Betty and Jughead — who commandeers F.P.’s motorcycle, to his girlfriend’s alarm — head to Pop’s to look for Fred’s missing wallet. There they learn from Pop that no money was taken from the register. Pop has been robbed plenty of times, he says, and he’s sure this guy wasn’t just a thief: “It was like the Angel of Death had come to Riverdale.” Not only has Jughead taken over his dad’s bike, but he plans on continuing to live in his trailer, having convinced his would-be foster family to cover for him. Betty is worried about Jug and his ever-closer ties to the Serpents. He tries to convince her it’s no big deal, and that it all helps him feel closer to his dad, who’ll be stuck behind bars for the foreseeable future.

Archie finally explains to Jughead why he’s so upset about the wallet. For one thing, he’s ashamed: After the gun went off, he should have run to his dad or tried to take down the shooter, but he was “paralyzed.” When the shooter held his weapon to Archie’s head, he closed his eyes until he heard him leave — giving the guy ample opportunity to nab the wallet. What if he comes back to finish off the witnesses to his crime, given that he now has all of Fred’s information?
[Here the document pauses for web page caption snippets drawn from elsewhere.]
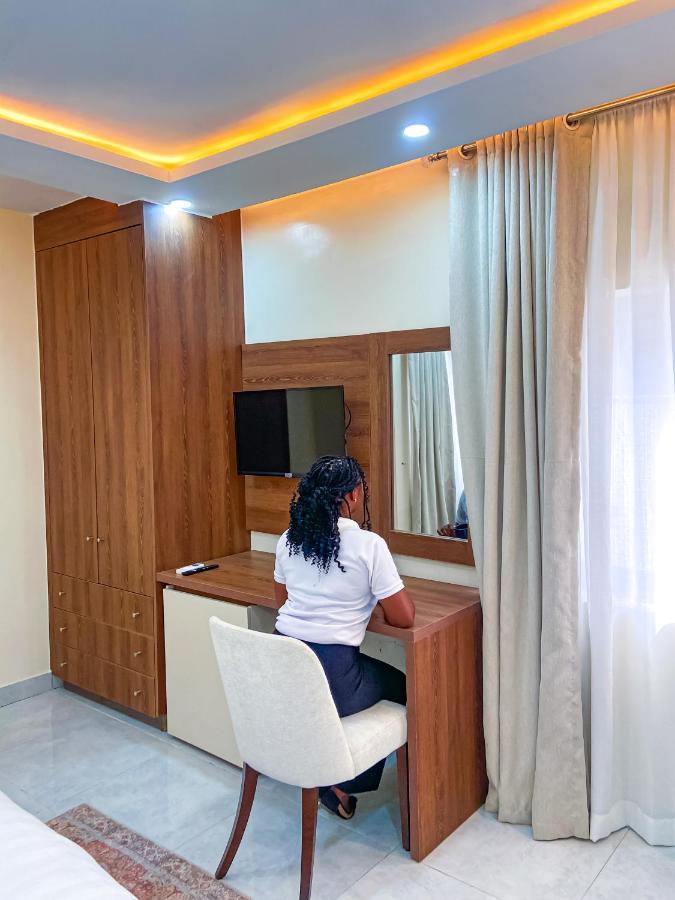 Plush Hotel,Abuja Kültér fotó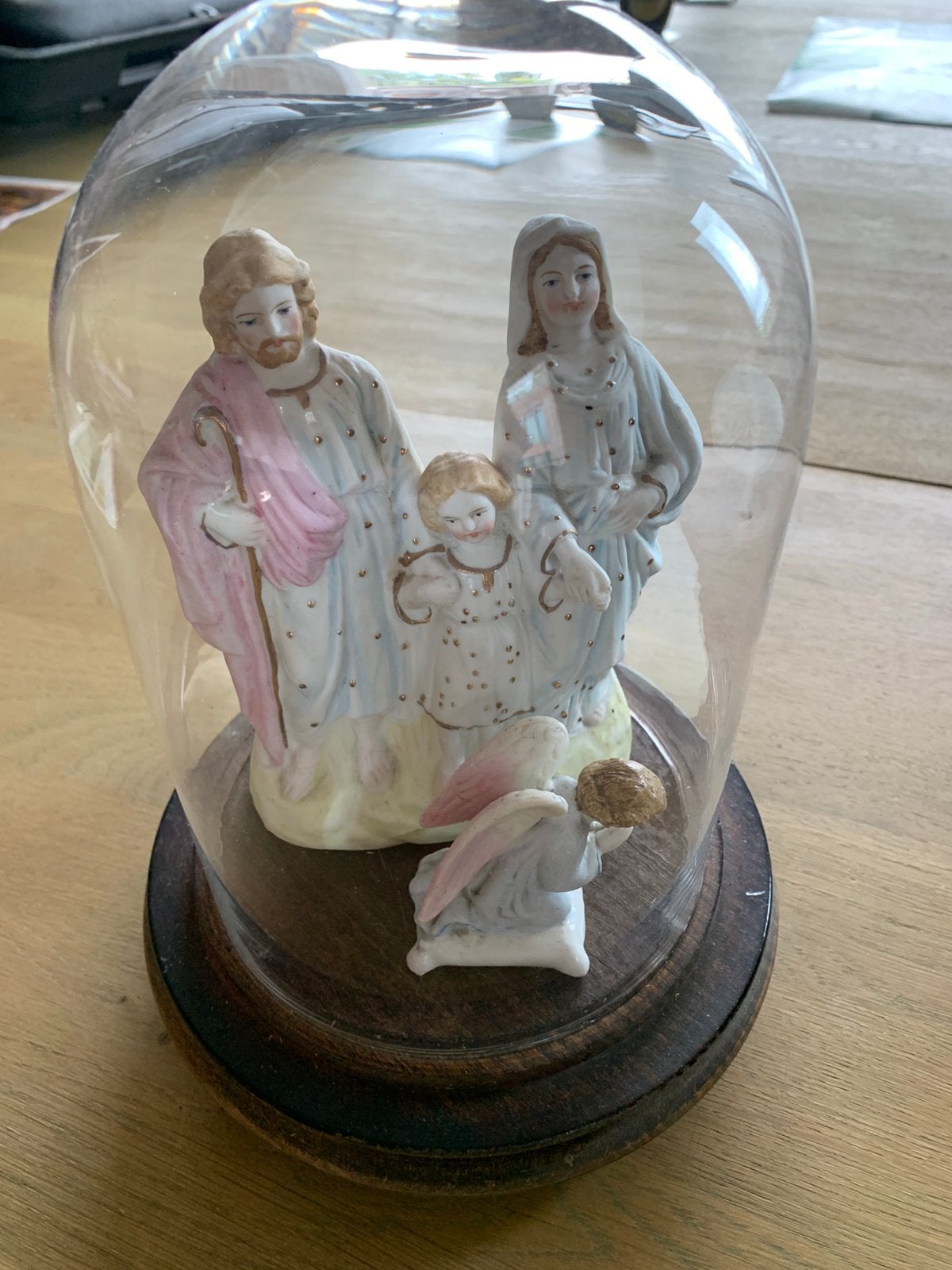 Stolp met de heilige familie, Avec pied, Enlèvement, Pierre/céramique, 18 cm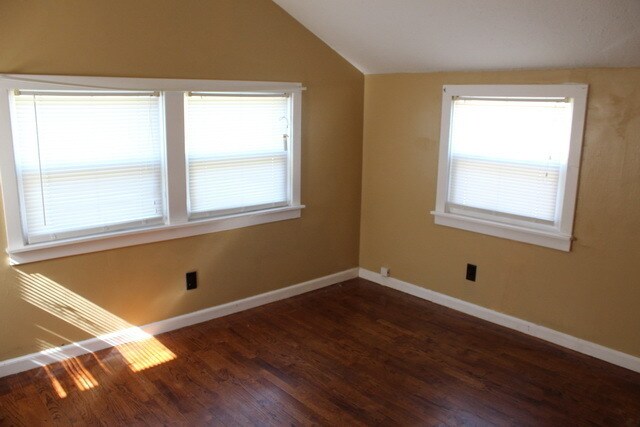 Building Photo - PRE LEASING CENTRALLY LOCATED 2 BED 1 BATH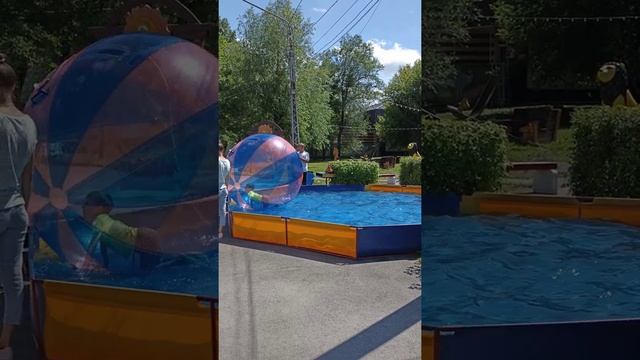 Аттракцион в шаре на воде для детей. Центральный парк, Барнаул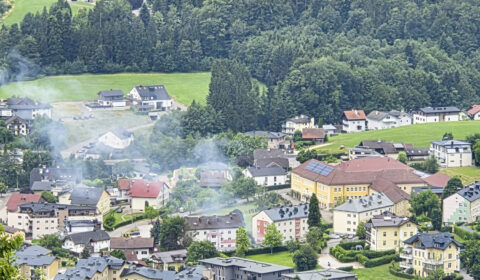 Feuerwehr Mondsee löscht Mistkübelbrand unter einem Unterstand in der Lindenthalerstraße.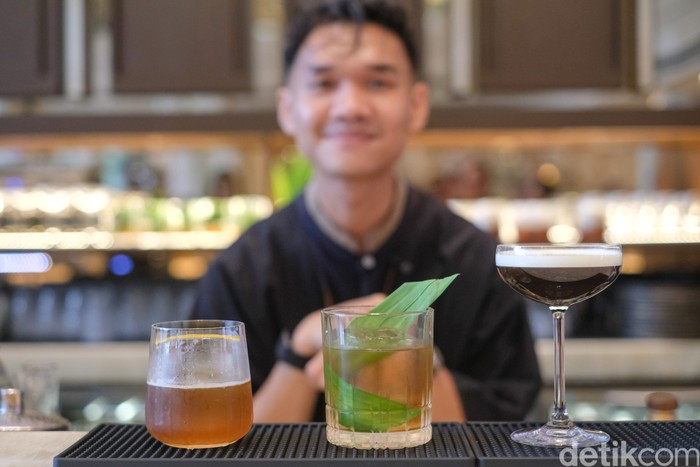 Berkolaborasi bersama The Lounge Intercontinental Jakarta, jawara barista ini hadirkan racikan kopi unik. Mulai dari kopi yang terinspirasi dari Wedang hingga Klepon, ada di sini! Di tangan seorang barsita yang piawai, racikan kopi bisa menjadi sesuatu yang istimewa. Begitupula yang dilakukan oleh Georgius Audrey Teja dalam kolaborasinya bersama InterContinental Jakarta.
Archie finds Cheryl gently kissing his still-unconscious dad on the forehead, as is customary among no one. “You gave me the kiss of life, Archie Andrews. Now I’ve given it to your dad,” she explains. He sits by his dad’s bedside and tells him how crazy he is about Veronica. That inspires another vision of the future in Fred’s mind: He is at Archie and Veronica’s wedding, but the beautiful ceremony takes on a different cast when the father of the groom spots the late Jason and Clifford Blossom among the guests. The shooter — who didn’t even bother to dress up, rude — marches right down the aisle, and Fred leaps to take a bullet for his son. Just like that, IRL Fred opens his eyes. He’s come back to protect Archie, though Archie believes it’s his duty to protect his dad. Masculinity!

Back at F.P.’s trailer, Jughead is horrified to find two Serpents beating the absolute shit out of some guy. They overheard him saying that Fred Andrews deserved to be shot for letting “Hiram Lodge’s bitch” fire his crew, so they decided to see what else he knew. Turns out he was just talking a big game, but they brought him to Jughead’s house to prove they carried through on their promise. Guess you can’t put on a Serpent jacket without getting your hands dirty after all.

If the green-eyed man didn’t have gang ties, who could have sent him? Well, Veronica has a theory: What if her mother wanted to dispose of her inconvenient boy toy and unwanted business partner before her husband Hiram came home? What if the jealous kingpin did it himself? When Veronica suggests as much, Hermione snaps, “Get back in line with this family, because you are a Lodge before anything else.” The prodigal daughter returns home from the hospital to find her father (hell, yeah, Mark Consuelos!) waiting in shadows, her mother standing at attention at his side. He came home early to surprise her, but the vibe is more displeased mafia don than balloons and confetti.

Archie’s mom (a.k.a. earthbound angel Molly Ringwald) is also back in town, helping Fred recover at home. But Archie’s work isn’t over. He sits up by the door with a baseball bat, keeping watch for the gunman’s potential return. By the way, have you ever noticed that the layout of the foyer of the Andrews house is basically the same as the Dunphy house on Modern Family?

But as Jughead says, in narrator mode, “The Angel of Death was stalking different streets tonight, in the small town of Greendale, just on the other side of Sweetwater River.” Why, it’s our old pal Miss Grundy! She gives a very underage young man a piano lesson, then kisses him good-bye right on her front steps. Are you trying to go to jail, ma’am? Well, the parents of Greendale can rest easy tonight: A masked assailant — with a familiar pair of green eyes — sneaks up behind Miss Grundy and slices her throat.